Task objective:
The reader should set down exactly the lines from the one containing "Essentials For Living" through the last line of the material, omitting every picture.

Data extract:

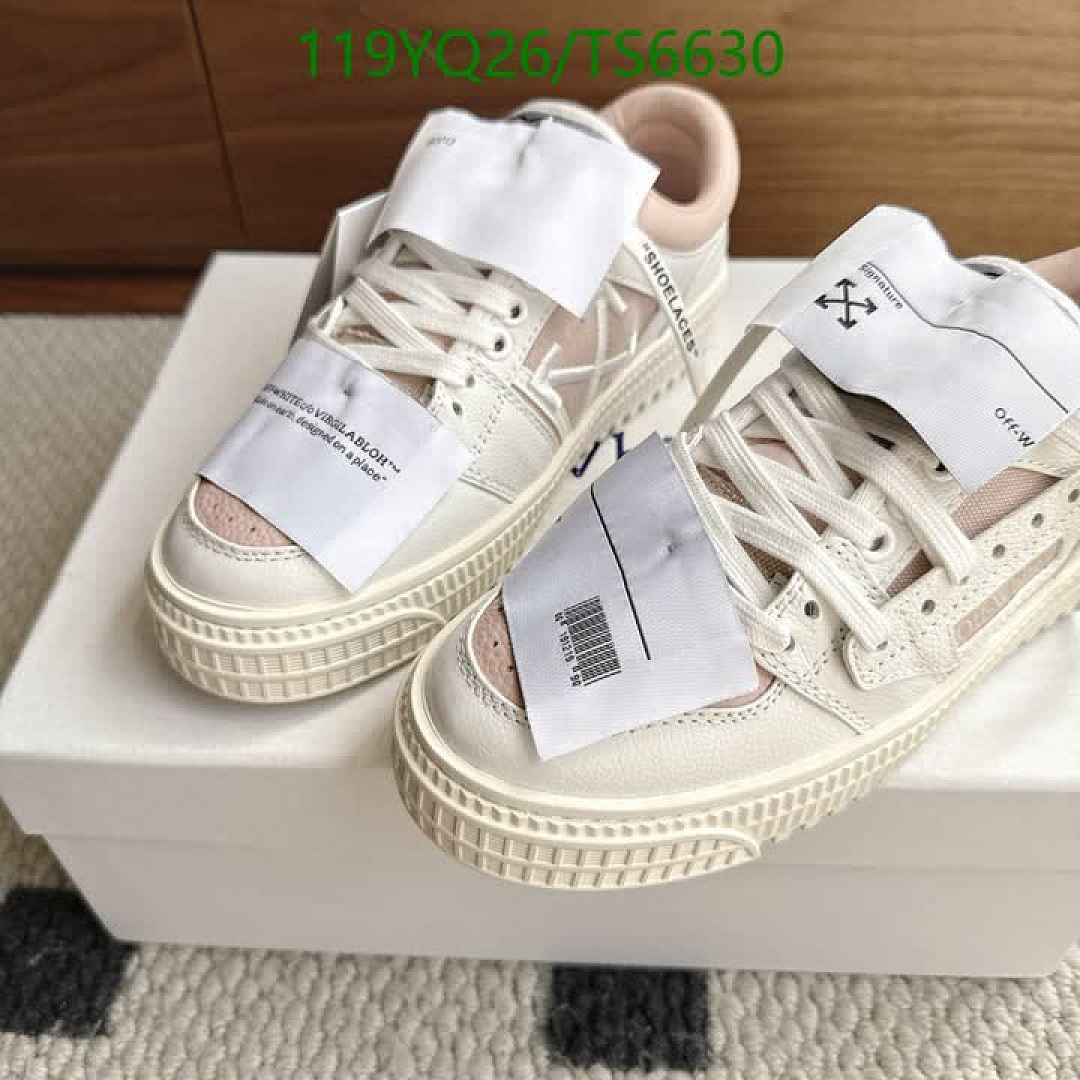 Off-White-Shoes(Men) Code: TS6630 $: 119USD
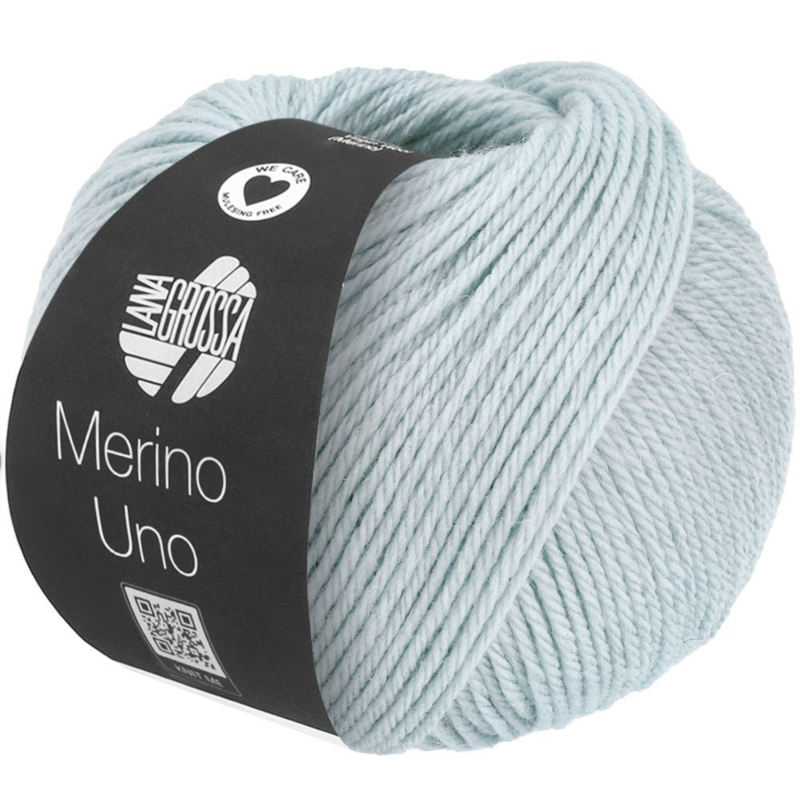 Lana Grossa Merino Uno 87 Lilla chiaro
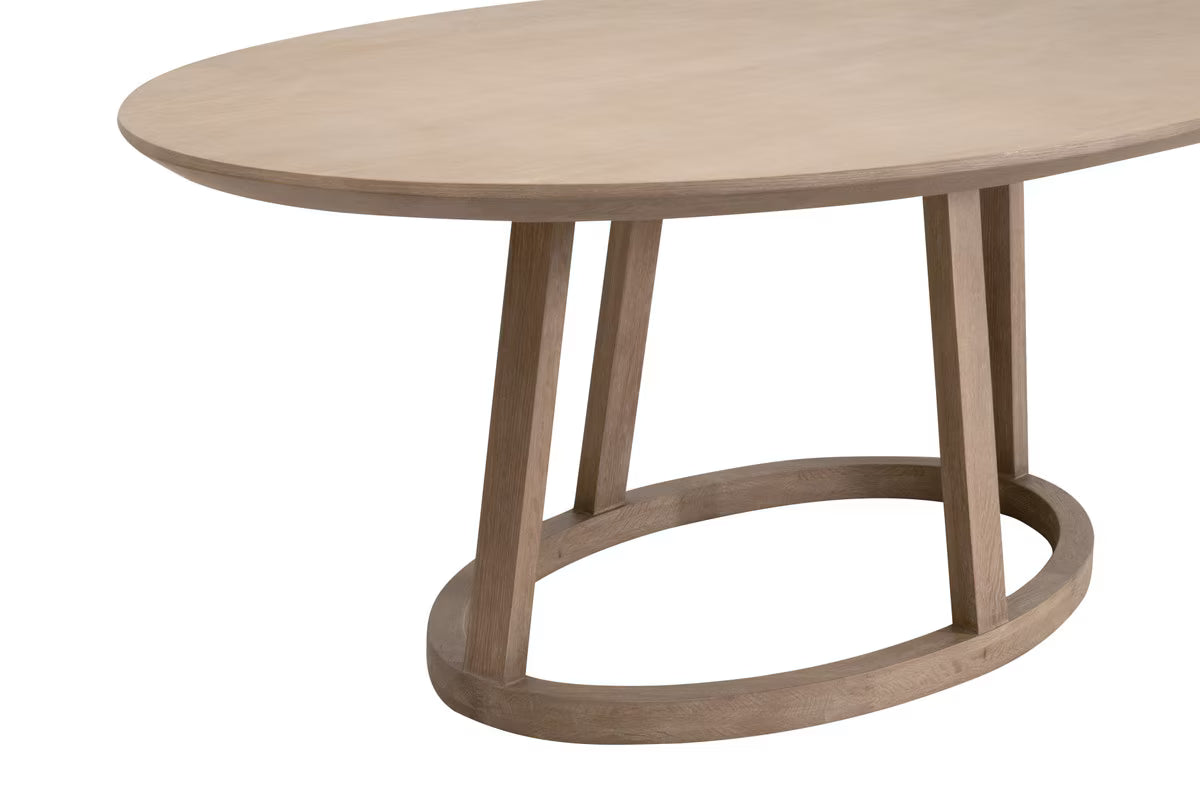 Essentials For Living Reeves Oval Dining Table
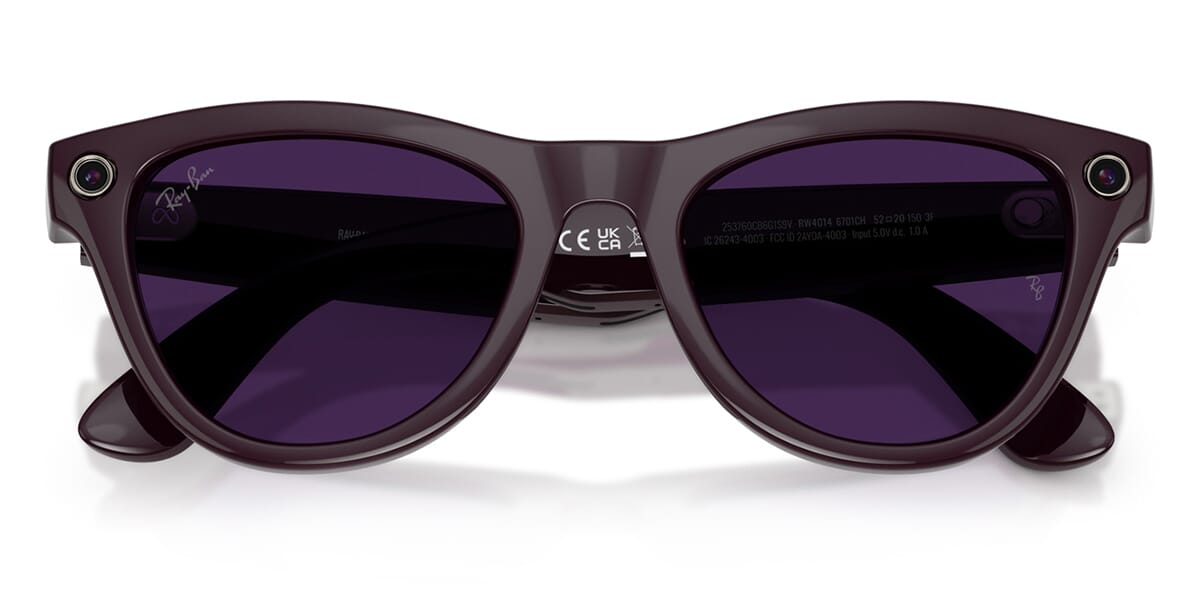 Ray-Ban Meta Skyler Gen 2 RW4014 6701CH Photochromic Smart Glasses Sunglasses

Answer to the exercise:
 Essentials For Living Reeves Oval Dining Table
 Ray-Ban Meta Skyler Gen 2 RW4014 6701CH Photochromic Smart Glasses Sunglasses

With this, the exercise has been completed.